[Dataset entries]
▶

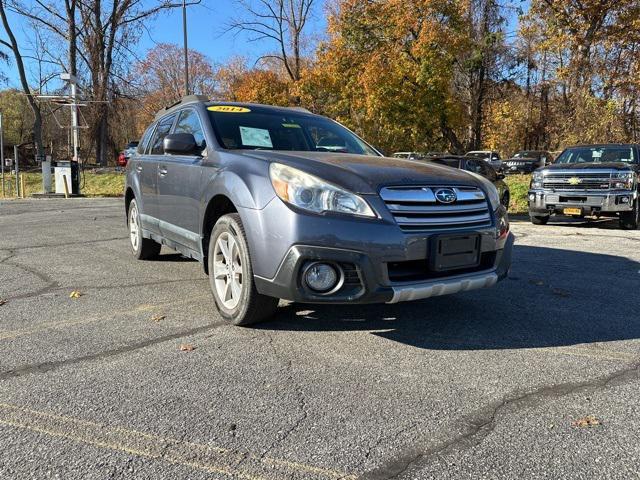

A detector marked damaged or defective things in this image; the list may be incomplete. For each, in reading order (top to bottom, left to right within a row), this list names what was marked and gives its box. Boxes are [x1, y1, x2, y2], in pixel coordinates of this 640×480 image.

pavement crack [0, 322, 225, 382]
pavement crack [360, 360, 640, 480]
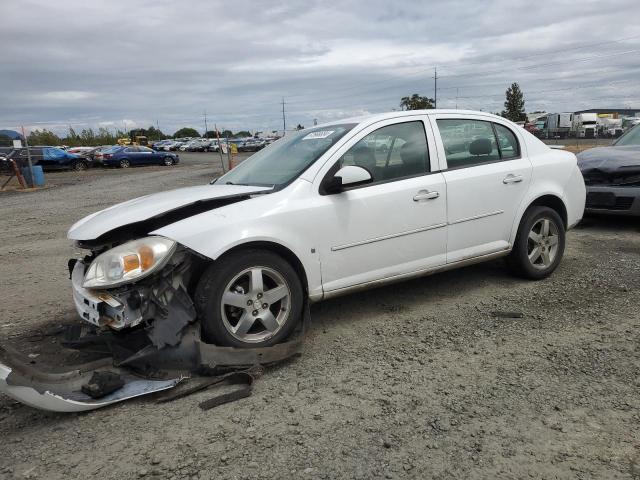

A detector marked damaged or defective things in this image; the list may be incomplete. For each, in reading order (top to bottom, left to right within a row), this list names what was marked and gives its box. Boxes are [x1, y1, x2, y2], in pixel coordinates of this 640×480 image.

crumpled hood [576, 145, 640, 173]
crumpled hood [68, 186, 272, 242]
broken headlight [84, 236, 178, 288]
damaged white car [0, 110, 588, 410]
detached bumper piece [0, 344, 180, 414]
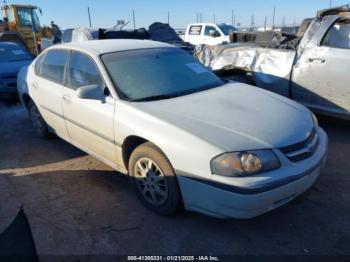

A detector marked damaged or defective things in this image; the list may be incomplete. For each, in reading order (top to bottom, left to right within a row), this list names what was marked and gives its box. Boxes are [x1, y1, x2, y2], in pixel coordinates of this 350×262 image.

damaged white car [17, 39, 328, 219]
wrecked car [17, 39, 328, 219]
wrecked car [196, 5, 350, 119]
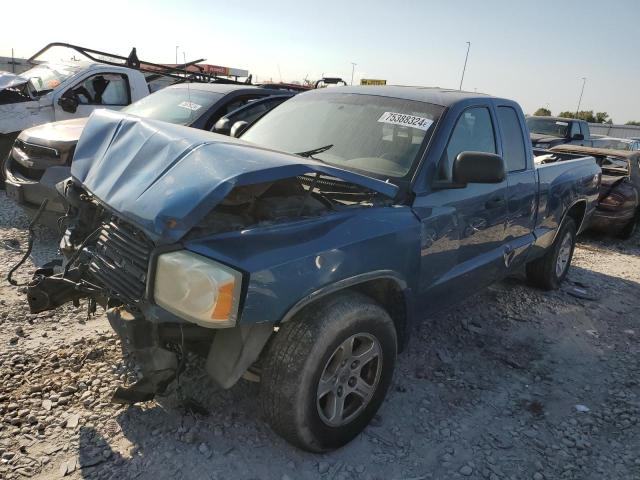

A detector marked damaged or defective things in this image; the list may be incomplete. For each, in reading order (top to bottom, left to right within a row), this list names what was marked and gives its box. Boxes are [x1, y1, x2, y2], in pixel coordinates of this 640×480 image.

crumpled hood [0, 71, 28, 90]
crashed car in background [1, 82, 292, 218]
broken headlight lens [152, 251, 242, 326]
exposed headlight [154, 251, 244, 326]
damaged front end [22, 110, 396, 404]
crumpled hood [72, 109, 398, 244]
dented quarter panel [72, 109, 398, 244]
dented quarter panel [181, 204, 420, 324]
crashed car in background [21, 87, 600, 450]
crashed car in background [544, 145, 636, 237]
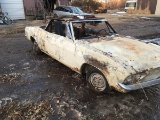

◀

What is being asked:
The answer must repeat every record exactly, with all pictures left out.

Answer box:
A detector marked damaged or defective things in this image; the list may be incomplete. For each, in reading order (top to bottom, left to right within a row), this list names what was marked and gives its box. Boxes are [x1, y1, x2, y2], in pixel coordinates of this 640×480 image.

pavement crack [0, 322, 225, 382]
pavement crack [360, 360, 640, 480]

A detector marked damaged or defective things in this image; the list may be incomplete. For each, in reading order (top to bottom, left to right within a row), this list names what was marked and gives its box. Boxes are [x1, y1, x2, y2], in pixel coordinates of this 640×480 image.

crumpled hood [576, 145, 640, 173]
crumpled hood [68, 186, 272, 242]
broken headlight [84, 236, 178, 288]
damaged white car [0, 110, 588, 410]
detached bumper piece [0, 344, 180, 414]

A detector marked damaged or defective things in this image; the list may be incomplete. For each, in reading order (top to bottom, left to right within a row), this list names what was marked and gives its box. Boxes are [x1, y1, x2, y2], in pixel coordinates of this 350×262 image.

damaged white car [17, 39, 328, 219]
wrecked car [17, 39, 328, 219]
wrecked car [196, 5, 350, 119]

A detector marked damaged or defective things in this image; the list may be incomplete. For each, in reading order (top to bottom, left to right within a row), this list names what was marked and gives its box. Boxes are [x1, y1, x2, y2], in pixel coordinates of this 640×480 image.

crumpled hood [0, 71, 28, 90]
crashed car in background [1, 82, 292, 218]
broken headlight lens [152, 251, 242, 326]
exposed headlight [154, 251, 244, 326]
damaged front end [22, 110, 396, 404]
crumpled hood [72, 109, 398, 244]
dented quarter panel [72, 109, 398, 244]
dented quarter panel [181, 204, 420, 324]
crashed car in background [21, 87, 600, 450]
crashed car in background [544, 145, 636, 237]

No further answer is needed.